MediaWiki provide a variety of ways for users to communicate with one another. These include talk pages for potentially large-scale discussions, personal communication via user talk pages (and potentially via more social networking-like interfaces in the future), threaded discussions at the bottoms of pages via some extensions, real-time chat, and finally users emailing each other via the wiki. We'll cover all of these in this chapter.

Talk pages

As we saw in the last chapter, every regular namespace for content in MediaWiki has an associated talk namespace, meant to hold pages used to discuss the contents of pages in that regular namespace. In the interface, one of the elements that usually shows up automatically for each page is a link to that page's corresponding talk page; in most skins this is the second tab within the top row of tabs. A page and its corresponding talk page will have the same name, but in different namespaces; for instance, the talk page for “University of Chicago” would be “Talk:University of Chicago”, while the talk page for “Category:Universities” would be “Category talk:Universities”.

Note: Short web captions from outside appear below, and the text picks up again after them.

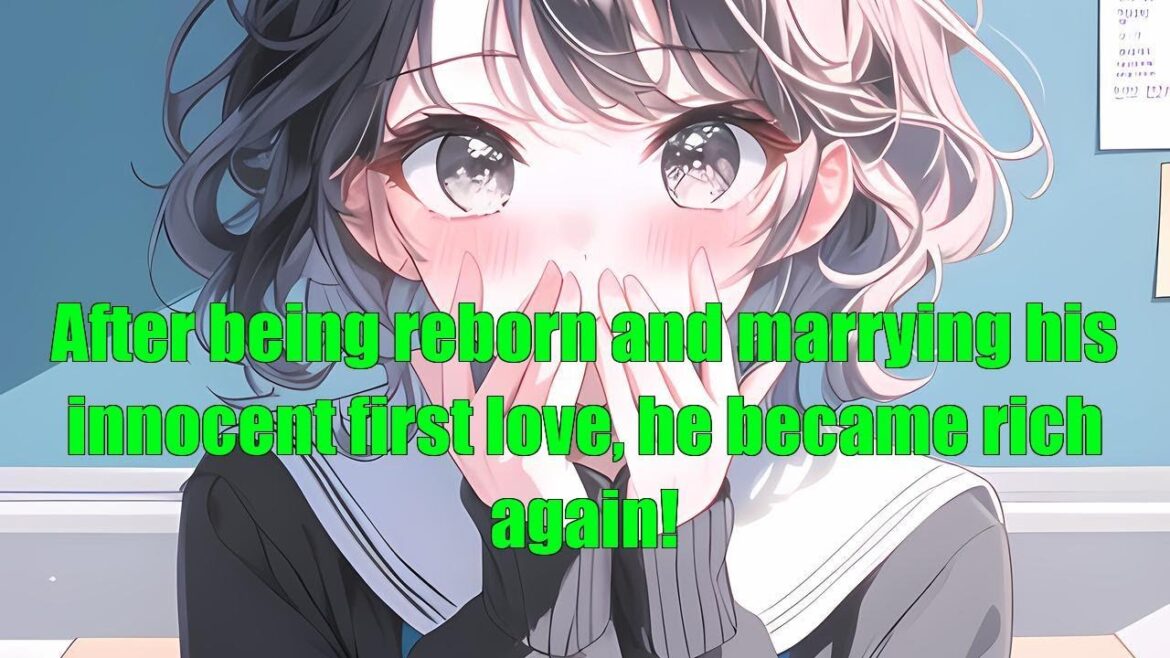 After being reborn and marrying his innocent first love, he became rich again!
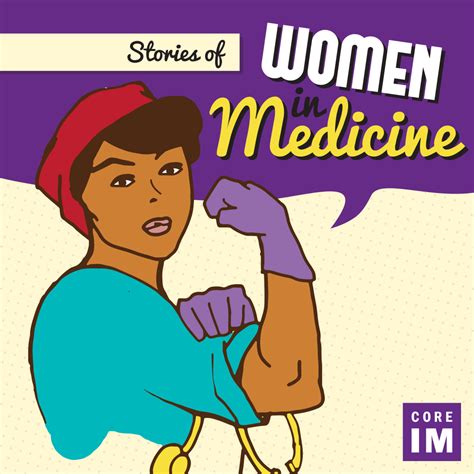 Stories Of Women In Medicine Core Im Podcast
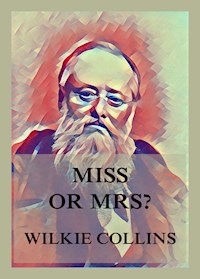 Miss or Mrs.? - Wilkie Collins - E-Book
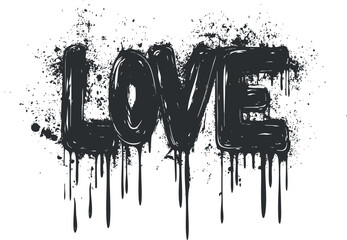 Black graffiti style word love with dripping paint and splatter effect on white background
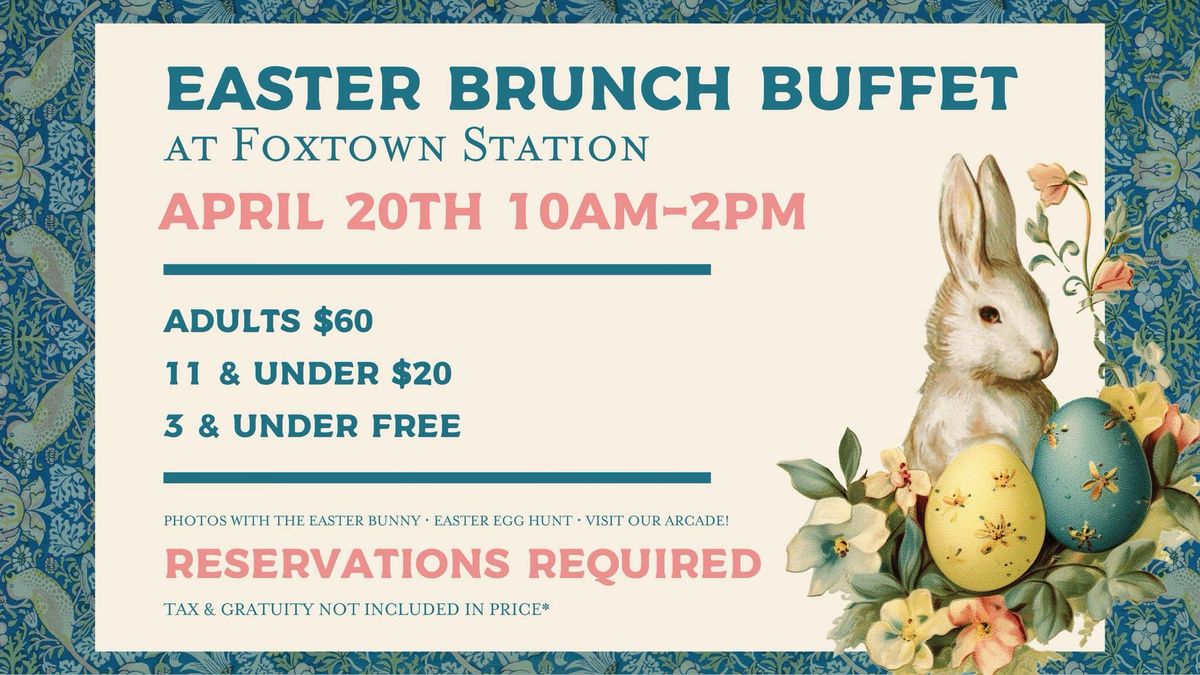 Easter Brunch at Foxtown Station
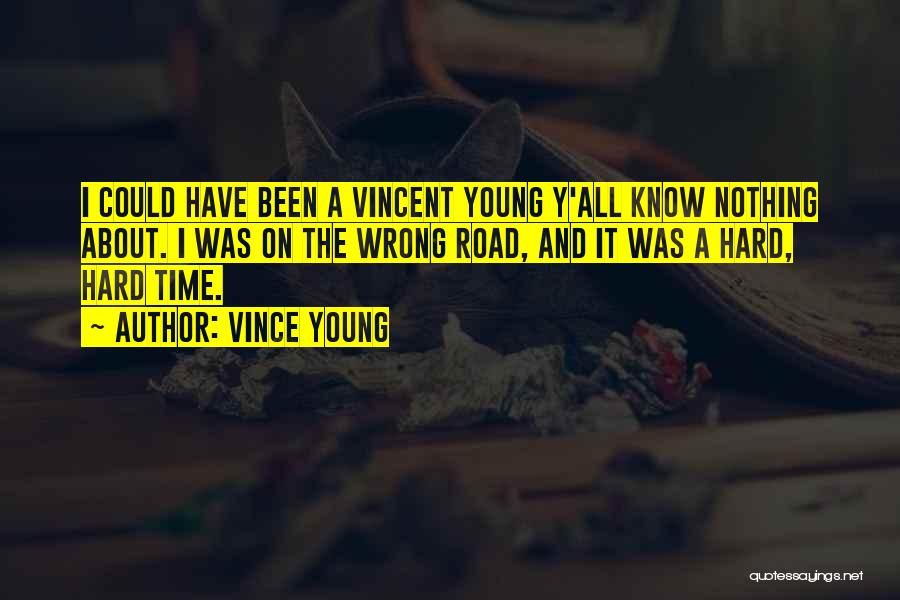 Vince Young Quotes 510972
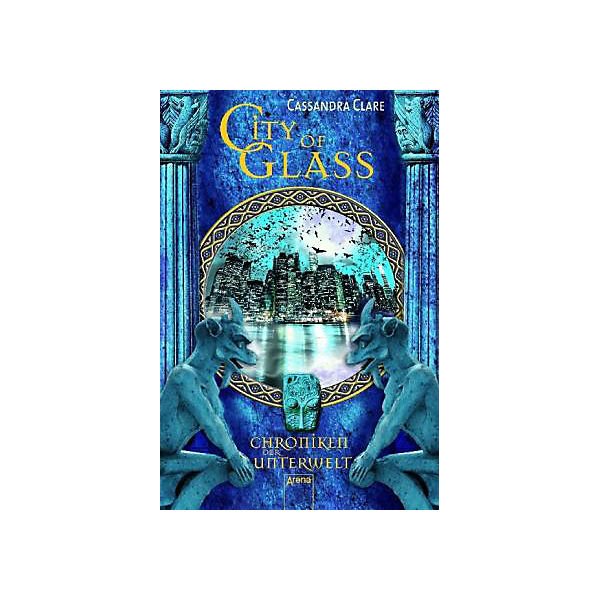 Chroniken der Unterwelt: City of Glass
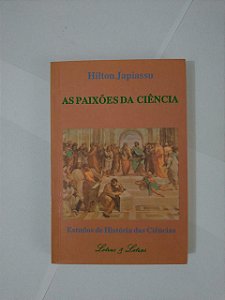 As Paixões da Ciência - Hilton Japiassu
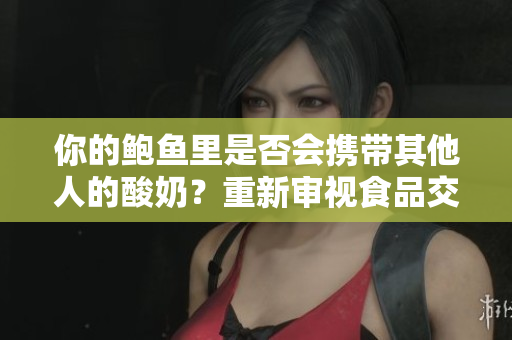 你的鮑魚里是否會攜帶其他人的酸奶？重新審視食品交叉污染的可能性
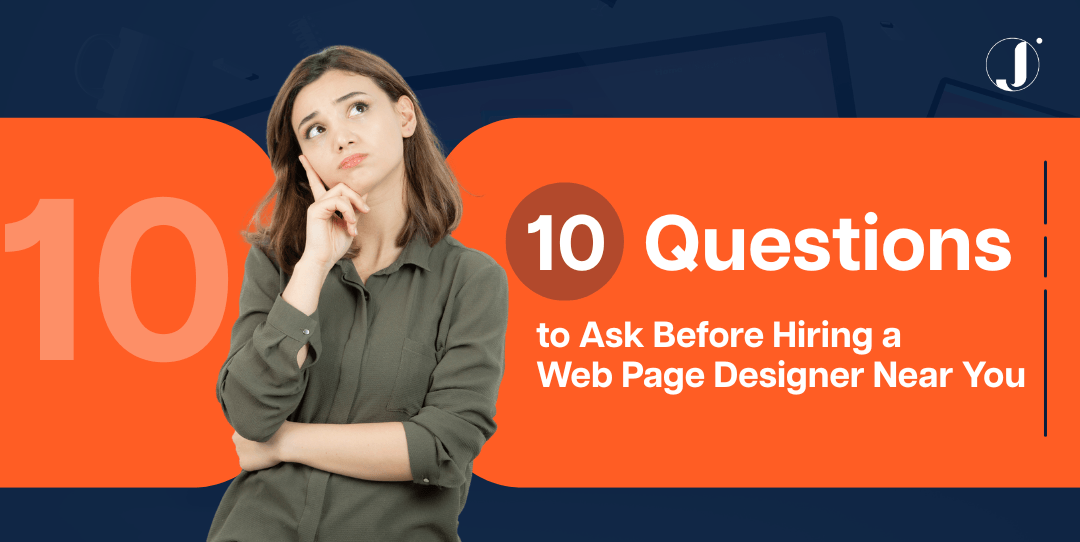 10-Questions-to-Ask-Before-Hiring-a-Web-Page-Designer-Near-You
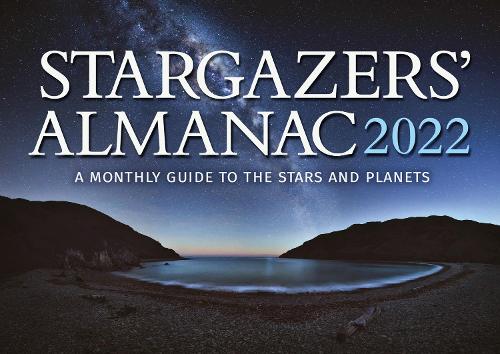 Stargazers' Almanac: A Monthly Guide to the Stars and Planets 2022: 2022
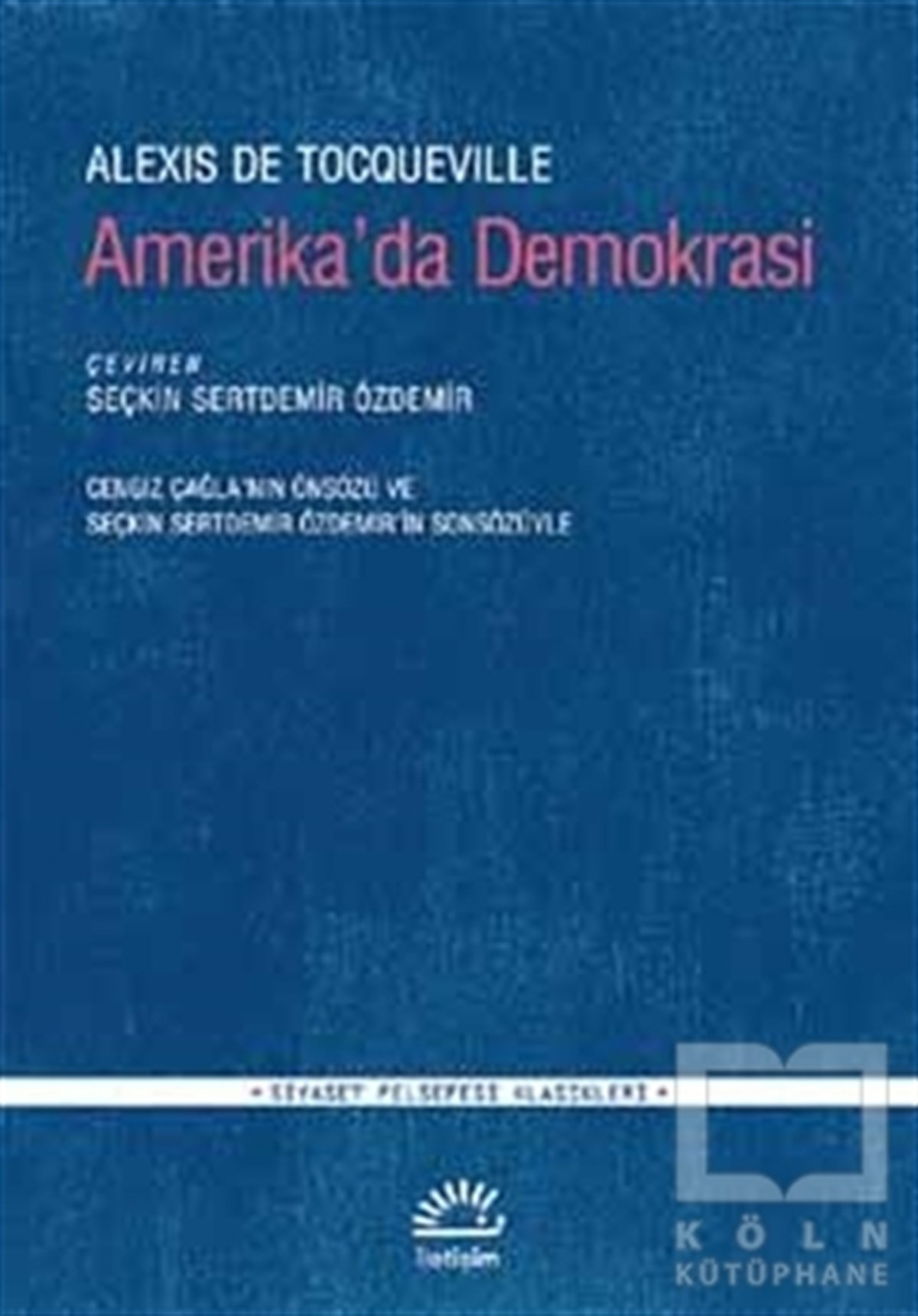 Alexis de TocquevilleDünya Siyaseti ve PolitikasıAmerika'da Demokrasi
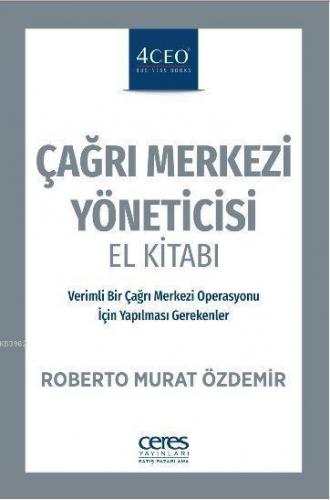 Çağrı Merkezi Yöneticisi El Kitabı; Verimli Bir Çağrı Merkezi Operasyonu İçin Yapılması Gerekenler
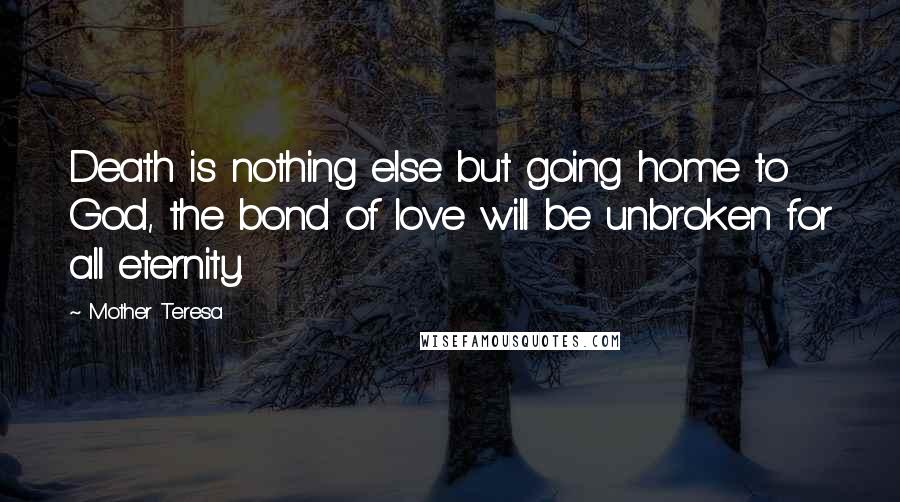 Mother Teresa Quotes: Death is nothing else but going home to God, the bond of love will be unbroken for all eternity.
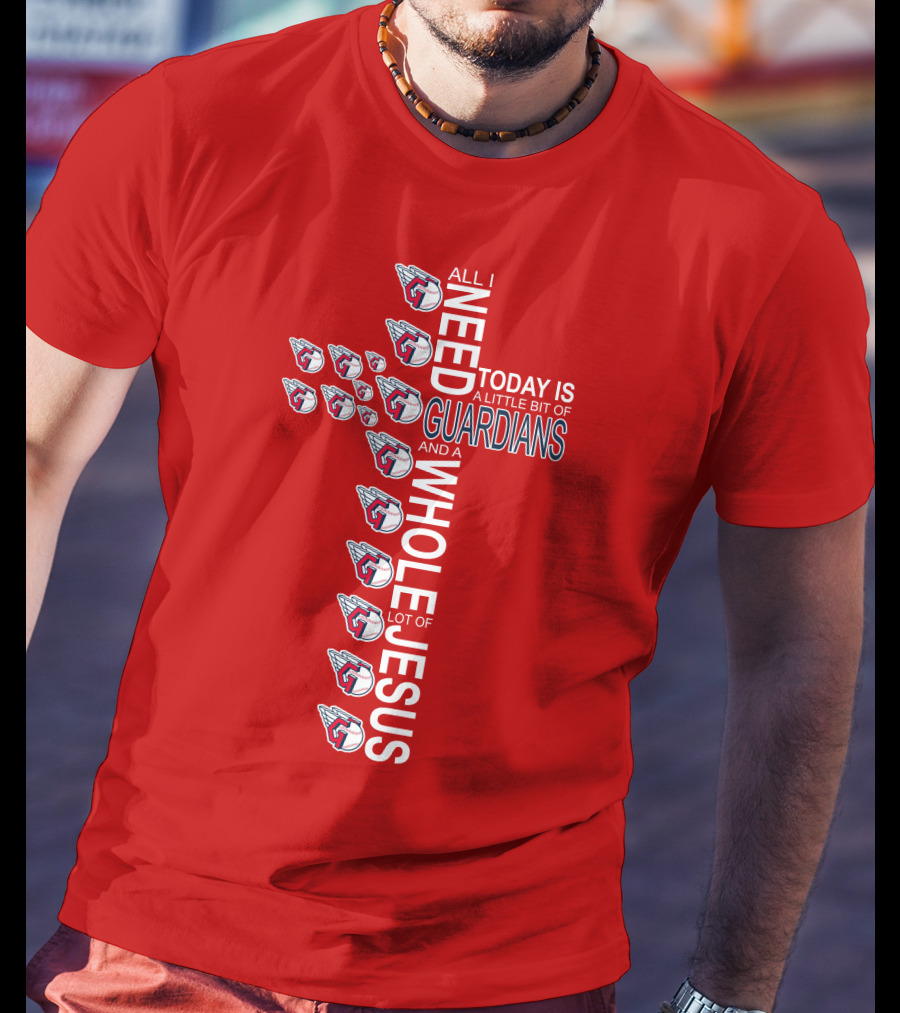 All I Need Today Is A Little Bit Of Guardians And A Whole Lot Of Jesus Cross Cleveland Guardians T-Shirt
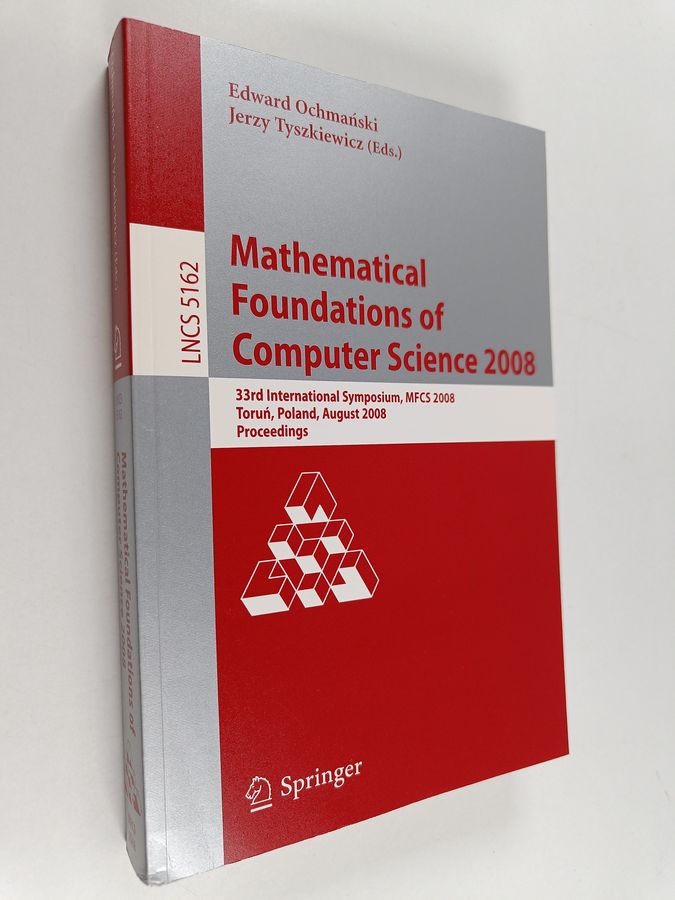 Mathematical Foundations of Computer Science 2008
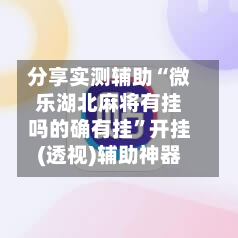 分享实测辅助“微乐湖北麻将有挂吗的确有挂	”开挂(透视)辅助神器-第2张图片
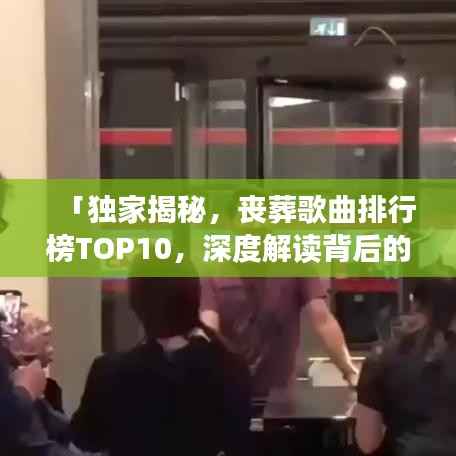 「独家揭秘,丧葬歌曲排行榜TOP10,深度解读背后的情感与意义」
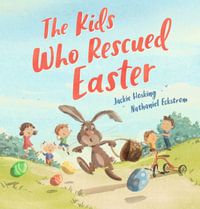 The Kids Who Rescued Easter - Jackie Hosking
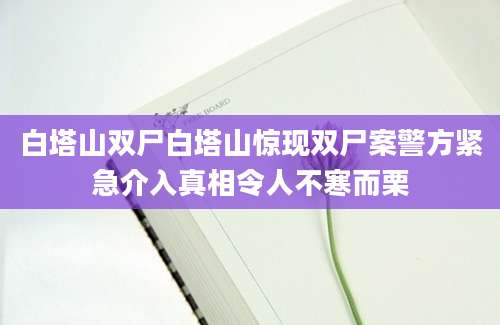白塔山双尸白塔山惊现双尸案警方紧急介入真相令人不寒而栗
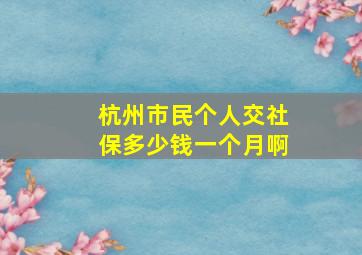 杭州市民个人交社保多少钱一个月啊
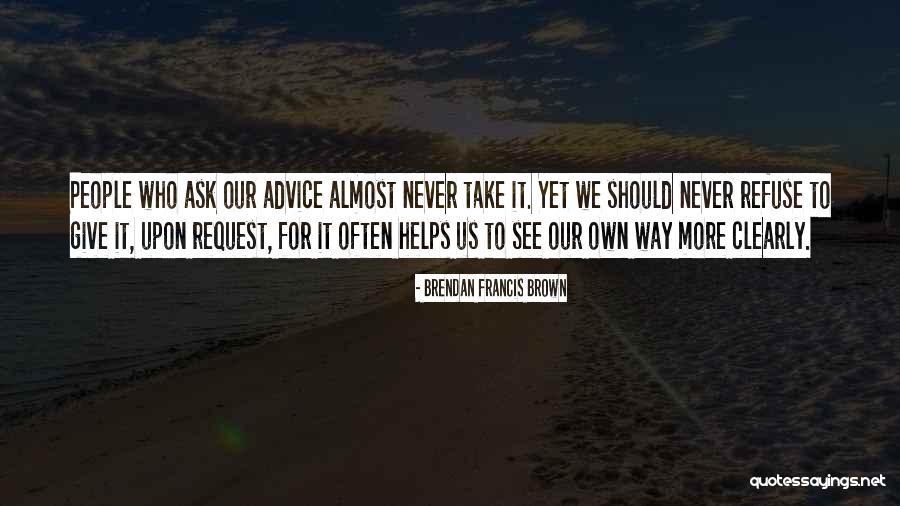 Request Quotes By Brendan Francis Brown Request Quotes By Brendan Francis Brown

Talk pages in MediaWiki, in general, are intended only for discussion of the corresponding page and how to improve it, and not for discussion of the page's underlying topic – that holds true for both Wikipedia and internal organizational wikis. There are two major exceptions to that, though. Talk pages for users, i.e. pages in the “User talk:” namespace (in English), are usually used for communication with that user, and only rarely to discuss the contents of the user page itself. And on wiki pages meant for documenting some technical topic, like a piece of software, the talk page can often turn into an informal venue for questions and answers about the page's topic.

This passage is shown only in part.